フランツ・ベンダは、プラハからほど近いベナートキ村で、1709年11月22日に、ハンス・ゲオルク・ベンダ(1686-1757)とその妻ドロテア(フランティシェク・クサヴェル・ブリクシの父の従姉)との間に、長男として生を享けた。ハンス・ゲオルクは亜麻布織のマイスターで、職業音楽家ではなかったが、居酒屋や結婚式でよく演奏していたという。その父からベンダはオーボエ、シャルマイおよびツィンバロムを習ったほか、地元教会のカントル、アレクシウスにオルガン作曲および歌唱を習った。ベンダは幼少期にプラハイエズス会で学んだが、10歳でドレスデンへ移り、ここで教会の聖歌隊員となる。
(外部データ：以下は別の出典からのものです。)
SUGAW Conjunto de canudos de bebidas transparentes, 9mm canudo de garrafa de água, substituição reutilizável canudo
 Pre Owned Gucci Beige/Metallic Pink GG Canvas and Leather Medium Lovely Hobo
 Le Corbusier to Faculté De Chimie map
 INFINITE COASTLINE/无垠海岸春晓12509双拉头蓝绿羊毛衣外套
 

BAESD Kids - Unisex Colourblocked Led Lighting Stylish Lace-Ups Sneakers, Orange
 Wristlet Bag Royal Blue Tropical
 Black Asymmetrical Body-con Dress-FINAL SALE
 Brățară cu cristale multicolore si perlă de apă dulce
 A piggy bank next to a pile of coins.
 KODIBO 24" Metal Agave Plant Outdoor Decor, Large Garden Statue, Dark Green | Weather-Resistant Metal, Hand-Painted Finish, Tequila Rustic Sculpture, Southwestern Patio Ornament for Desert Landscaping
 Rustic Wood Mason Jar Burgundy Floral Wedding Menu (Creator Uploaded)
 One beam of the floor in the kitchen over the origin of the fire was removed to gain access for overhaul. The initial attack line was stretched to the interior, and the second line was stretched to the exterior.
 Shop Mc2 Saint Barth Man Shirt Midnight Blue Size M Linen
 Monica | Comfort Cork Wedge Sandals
一年半後、ホームシックとなり一旦家族のもとへと帰るが、その後再びプラハに赴き、15歳まで教会で少年歌手として、アルト声部の歌唱を担った。このプラハ滞在中の1723年、神聖ローマ皇帝カール6世の戴冠式のために作曲されたオペラ《コンスタンツァとフォルテッツァ》の上演に、ベンダは歌手として参加している[1]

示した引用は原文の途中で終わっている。